Minimum covers of complete graphs by $4$-cycles
If $n$ is odd, the answer is $\lceil \binom{n}{2}/4 \rceil$.
If $n$ is even, the answer is $\lceil \binom{n}{2}/4+n/8 \rceil$.
This follows from two special cases of a more general conjecture by Alspach.
For our purposes, we use a theorem of Heinrich, Horák, and Rosa which says that if $n \geq 7$ is odd and $a,b,c$ are such that $3a+4b+6c=\binom{n}{2}$, then $E(K_n)$ can be partitioned into $a$ $3$-cycles, $b$ $4$-cycles, and $c$ $6$-cycles. Huang and Fu proved the same result with $(3,4,6)$ replaced by $(4,5)$.
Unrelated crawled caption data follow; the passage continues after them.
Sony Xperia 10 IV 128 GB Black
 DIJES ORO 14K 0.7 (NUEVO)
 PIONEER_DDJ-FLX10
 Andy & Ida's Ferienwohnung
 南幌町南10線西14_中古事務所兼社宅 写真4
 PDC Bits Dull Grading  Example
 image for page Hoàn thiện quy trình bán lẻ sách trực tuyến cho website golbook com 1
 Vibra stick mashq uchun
Thus, if $n \geq 7$ is odd, it is always possible to decompose $E(K_n)$ into $4$-cycles and possibly one extra cycle that is a $3$-cycle, a $5$-cycle or a $6$-cycle. The edge set of the extra cycle can obviously be covered with two $4$-cycles of $K_n$, so we are done.
If $n$ is even, then each vertex has odd degree. Let $v$ be an arbitrary vertex. Since every $4$-cycle uses $0$ or $2$ edges incident to $v$, there will be at least one edge incident to $v$ that is covered twice. Thus, in total there will be at least $n/2$ edges that are covered twice. Thus, every covering of $E(K_n)$ by $4$-cycles has size at least $\binom{n}{2}/4+n/8$. We prove that this bound can actually be achieved.
Namely, for $n$ even, Heinrich, Horák, and Rosa's result holds except with $K_n$ replaced by $K_n$ minus a perfect matching $M$, and $\binom{n}{2}$ replaced with $\frac{n(n-2)}{2}$. For $n$ even, $\frac{n(n-2)}{2}$ is divisible by $4$. It follows that the edges of $K_n-M$ can be decomposed into $4$-cycles. By then covering pairs of edges of $M$ with $4$-cycles we get a covering of size $\lceil \binom{n}{2}/4+n/8 \rceil$.